Using the listing below, copy every line that mentions "Pants".
:::::
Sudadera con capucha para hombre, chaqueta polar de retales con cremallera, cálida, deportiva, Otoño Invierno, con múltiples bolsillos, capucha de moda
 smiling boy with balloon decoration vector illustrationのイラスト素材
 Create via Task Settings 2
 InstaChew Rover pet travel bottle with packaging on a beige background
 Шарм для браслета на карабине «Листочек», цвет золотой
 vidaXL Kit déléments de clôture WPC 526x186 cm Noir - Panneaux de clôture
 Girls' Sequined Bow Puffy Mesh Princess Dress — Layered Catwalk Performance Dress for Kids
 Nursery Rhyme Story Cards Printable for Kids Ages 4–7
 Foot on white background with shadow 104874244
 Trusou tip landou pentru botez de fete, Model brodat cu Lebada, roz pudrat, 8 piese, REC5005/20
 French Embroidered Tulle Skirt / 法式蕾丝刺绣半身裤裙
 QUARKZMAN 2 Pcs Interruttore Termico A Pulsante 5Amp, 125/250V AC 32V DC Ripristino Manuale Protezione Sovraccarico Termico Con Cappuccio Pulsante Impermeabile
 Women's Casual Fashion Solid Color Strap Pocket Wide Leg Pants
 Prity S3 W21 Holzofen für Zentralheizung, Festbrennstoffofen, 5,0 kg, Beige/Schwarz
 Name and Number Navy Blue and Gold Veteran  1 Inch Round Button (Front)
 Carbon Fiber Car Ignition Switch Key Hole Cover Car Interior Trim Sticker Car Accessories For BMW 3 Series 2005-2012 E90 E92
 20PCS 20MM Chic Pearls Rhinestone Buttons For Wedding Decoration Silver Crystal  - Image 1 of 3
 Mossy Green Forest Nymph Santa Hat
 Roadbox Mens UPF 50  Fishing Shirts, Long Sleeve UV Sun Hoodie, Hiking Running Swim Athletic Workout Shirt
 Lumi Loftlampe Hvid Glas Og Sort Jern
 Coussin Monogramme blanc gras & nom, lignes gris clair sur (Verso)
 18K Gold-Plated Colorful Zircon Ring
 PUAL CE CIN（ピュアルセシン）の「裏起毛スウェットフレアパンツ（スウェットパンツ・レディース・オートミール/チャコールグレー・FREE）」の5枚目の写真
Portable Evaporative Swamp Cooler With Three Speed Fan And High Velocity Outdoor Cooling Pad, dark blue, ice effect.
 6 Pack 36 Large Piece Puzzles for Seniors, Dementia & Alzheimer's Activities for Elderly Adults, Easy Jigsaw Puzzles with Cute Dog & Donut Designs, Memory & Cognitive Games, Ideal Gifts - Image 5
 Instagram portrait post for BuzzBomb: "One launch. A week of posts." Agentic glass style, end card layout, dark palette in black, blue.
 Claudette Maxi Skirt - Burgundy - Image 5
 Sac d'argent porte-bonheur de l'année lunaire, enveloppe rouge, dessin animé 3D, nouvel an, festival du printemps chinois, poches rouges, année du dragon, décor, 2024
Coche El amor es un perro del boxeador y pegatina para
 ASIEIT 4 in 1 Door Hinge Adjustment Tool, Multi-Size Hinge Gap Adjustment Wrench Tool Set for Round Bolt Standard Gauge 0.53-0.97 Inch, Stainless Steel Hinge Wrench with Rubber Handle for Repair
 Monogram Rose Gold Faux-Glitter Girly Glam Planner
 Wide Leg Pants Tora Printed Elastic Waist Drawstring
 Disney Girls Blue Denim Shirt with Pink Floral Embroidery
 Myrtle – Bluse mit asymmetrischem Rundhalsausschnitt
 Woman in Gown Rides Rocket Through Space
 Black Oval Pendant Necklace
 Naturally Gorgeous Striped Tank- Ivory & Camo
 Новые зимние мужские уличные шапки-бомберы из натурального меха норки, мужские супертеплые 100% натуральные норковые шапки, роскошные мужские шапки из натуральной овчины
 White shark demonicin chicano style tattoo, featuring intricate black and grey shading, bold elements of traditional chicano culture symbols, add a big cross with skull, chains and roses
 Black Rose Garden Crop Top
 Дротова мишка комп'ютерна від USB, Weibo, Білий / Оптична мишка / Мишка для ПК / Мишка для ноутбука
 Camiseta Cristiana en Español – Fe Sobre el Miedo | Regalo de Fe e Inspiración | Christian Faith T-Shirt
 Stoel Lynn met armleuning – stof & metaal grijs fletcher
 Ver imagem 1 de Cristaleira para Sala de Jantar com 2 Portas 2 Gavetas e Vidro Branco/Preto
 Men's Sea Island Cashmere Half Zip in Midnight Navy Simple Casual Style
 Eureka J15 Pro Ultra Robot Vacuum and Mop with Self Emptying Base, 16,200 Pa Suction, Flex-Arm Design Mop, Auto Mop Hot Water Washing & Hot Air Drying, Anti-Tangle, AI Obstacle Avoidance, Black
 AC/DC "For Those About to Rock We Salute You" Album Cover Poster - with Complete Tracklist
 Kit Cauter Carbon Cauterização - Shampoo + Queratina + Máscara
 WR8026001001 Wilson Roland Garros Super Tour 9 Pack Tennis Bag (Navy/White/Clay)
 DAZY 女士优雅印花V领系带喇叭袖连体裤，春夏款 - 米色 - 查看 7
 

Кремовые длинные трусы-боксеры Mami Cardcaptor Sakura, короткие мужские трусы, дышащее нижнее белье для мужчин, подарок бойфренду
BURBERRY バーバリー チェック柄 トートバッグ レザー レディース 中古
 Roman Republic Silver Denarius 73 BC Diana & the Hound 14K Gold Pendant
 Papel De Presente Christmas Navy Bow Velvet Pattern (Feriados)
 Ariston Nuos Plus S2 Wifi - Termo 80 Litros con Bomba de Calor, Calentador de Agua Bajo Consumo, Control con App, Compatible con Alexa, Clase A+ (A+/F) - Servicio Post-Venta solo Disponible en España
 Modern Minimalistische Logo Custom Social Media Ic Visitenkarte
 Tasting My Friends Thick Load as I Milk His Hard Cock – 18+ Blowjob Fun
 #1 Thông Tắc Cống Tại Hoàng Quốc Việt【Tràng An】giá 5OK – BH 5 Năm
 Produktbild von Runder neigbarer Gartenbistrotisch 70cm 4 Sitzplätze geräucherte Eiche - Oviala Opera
:::::
> **Response**:
 Women's Casual Fashion Solid Color Strap Pocket Wide Leg Pants
 Wide Leg Pants Tora Printed Elastic Waist Drawstring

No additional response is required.